- INPUT RECORDS -
==========
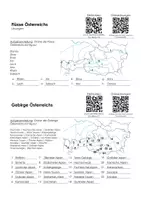 Vorschau - Arbeitsblätter - Arbeitsblatt "Flüsse, Gebirge und Städte Österreichs" mit Erklärvideo, Lösungen und Onlineübungen - Deckblatt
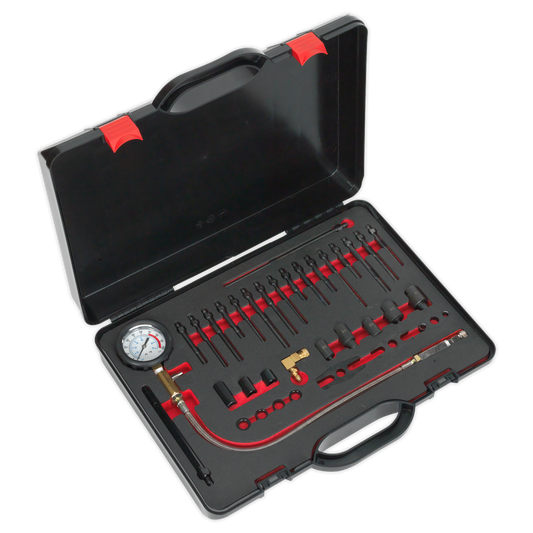 Sealey Compression Test Kit For Diesel Vehicles 17 Dummy Glow Plugs VSE3158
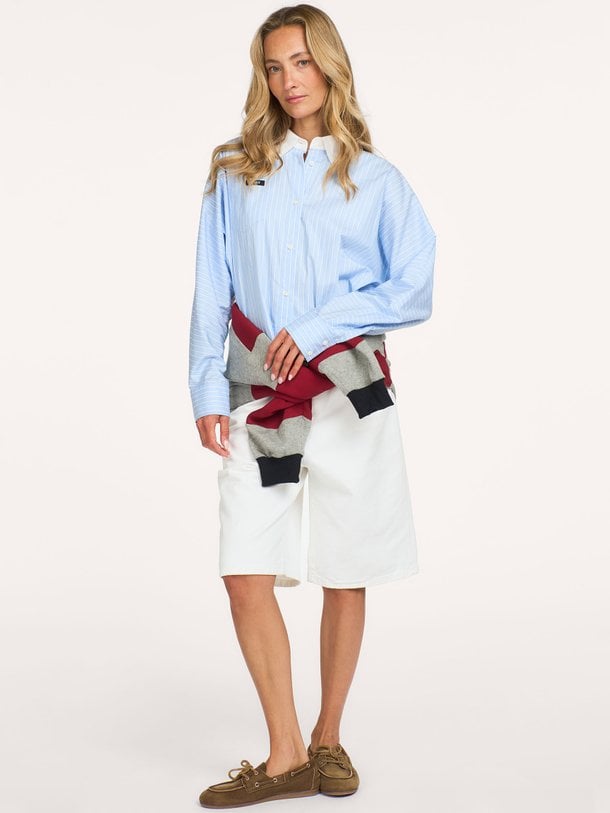 Berro, katoenen gestreepte blouse
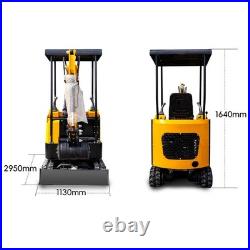 13.5HP MMS Mini Excavator Digger B&S Gas Engine with 8 Attachments Set Free Ship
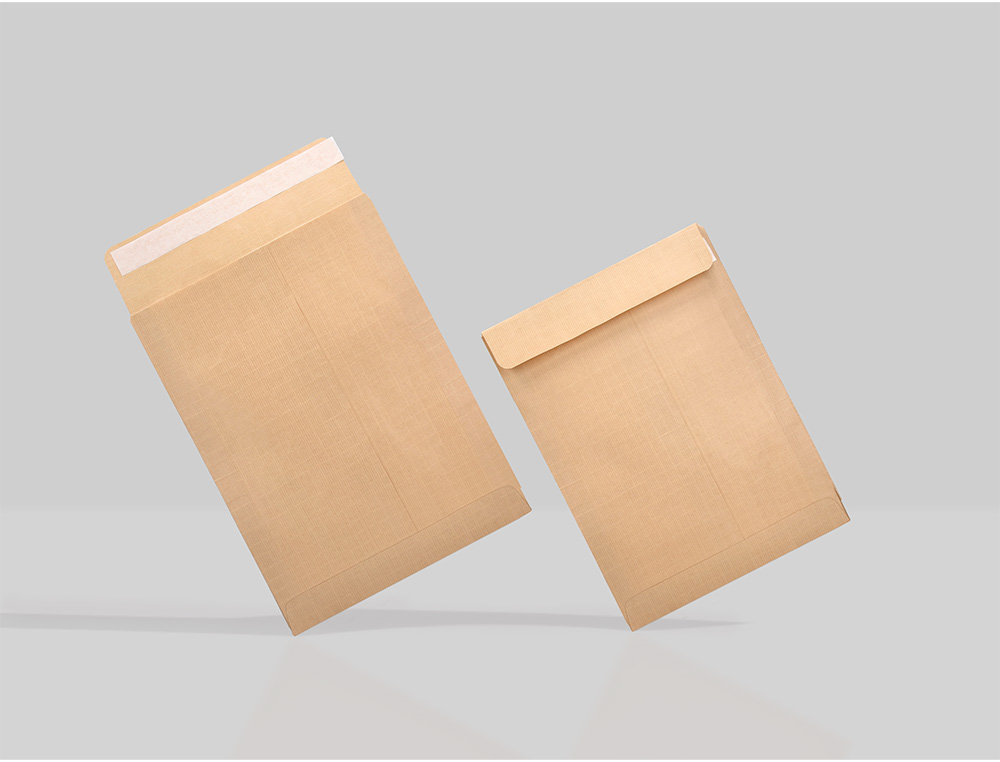 SOBRE LIDERPAPEL BOLSA N.2 KRAFT SALARIOS 120X170 MM TIRA DE SILICONA CAJA DE 1000 UNIDADES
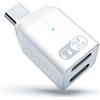 TiMOVO Adattatore Audio da USB C a Lighting con di Ricarica Rapida a 45W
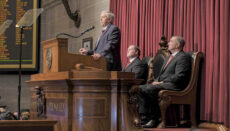 Missouri Governor Mike Parson delivers State address in Missouri House January 19, 2022 (Photo courtesy of Tim Bommel - Missouri House Communications)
==========
- YOUR TASK -
The answer must be an exact restatement of all the records, with no pictures included.

- EXERCISE RESPONSE -
 Vorschau - Arbeitsblätter - Arbeitsblatt "Flüsse, Gebirge und Städte Österreichs" mit Erklärvideo, Lösungen und Onlineübungen - Deckblatt
 Sealey Compression Test Kit For Diesel Vehicles 17 Dummy Glow Plugs VSE3158
 Berro, katoenen gestreepte blouse
 13.5HP MMS Mini Excavator Digger B&S Gas Engine with 8 Attachments Set Free Ship
 SOBRE LIDERPAPEL BOLSA N.2 KRAFT SALARIOS 120X170 MM TIRA DE SILICONA CAJA DE 1000 UNIDADES
 TiMOVO Adattatore Audio da USB C a Lighting con di Ricarica Rapida a 45W
 Missouri Governor Mike Parson delivers State address in Missouri House January 19, 2022 (Photo courtesy of Tim Bommel - Missouri House Communications)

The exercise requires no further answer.